The latest data we can find is that 50 billion single serve bottles of water were used by Americans in 2007 – with a recycling rate of only 23% therefore over 38 billion bottles end up in landfill. According to the US Environmental Protection Agency, in 2010, the U.S alone also generated 31 million tons of plastic waste.
San Francisco wasn’t the first to ban the product – the town of Concord in Massachusetts, USA did away with the sale of single serving water bottles smaller than 1 litre in 2013.
But what does that mean for the rest of us?
If more towns, cities, states in the US and even other countries follow suit, companies who produce plastic water bottles may think twice about manufacturing that product which will then reduce the stock being fed back into the plastics industry as recyclate.
But how does that affect LINPAC?
Today it doesn’t. LINPAC sources the majority of its recycled materials from Europe where there is an active and robust recycling policy in place feeding the material recycling industry. This means, as much PET as possible, especially single use drinks bottles, is recycled into other industry applications.
LINPAC uses recycled materials sourced from products such as single use plastic bottles, which are then in house supercleaned and guaranteed food safe to EU standards and are then turned into LINPAC packaging products.
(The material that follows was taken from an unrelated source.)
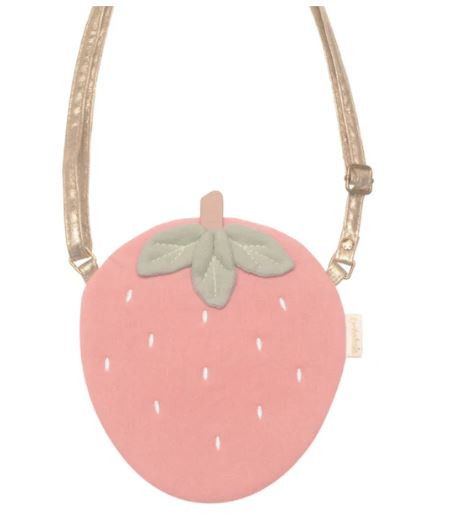 Tasche Erdbeere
Now those water bottles, which are being banned in America, are among the materials that are recycled and reused across LINPAC.
What we do know is that a large percentage of households still do not recycle enough and throw everything that they consider ‘rubbish’ into their ordinary bin.
American critics argued the ban in San Francisco was misguided and rather ban the plastic bottles; people should be re-educated about recycling.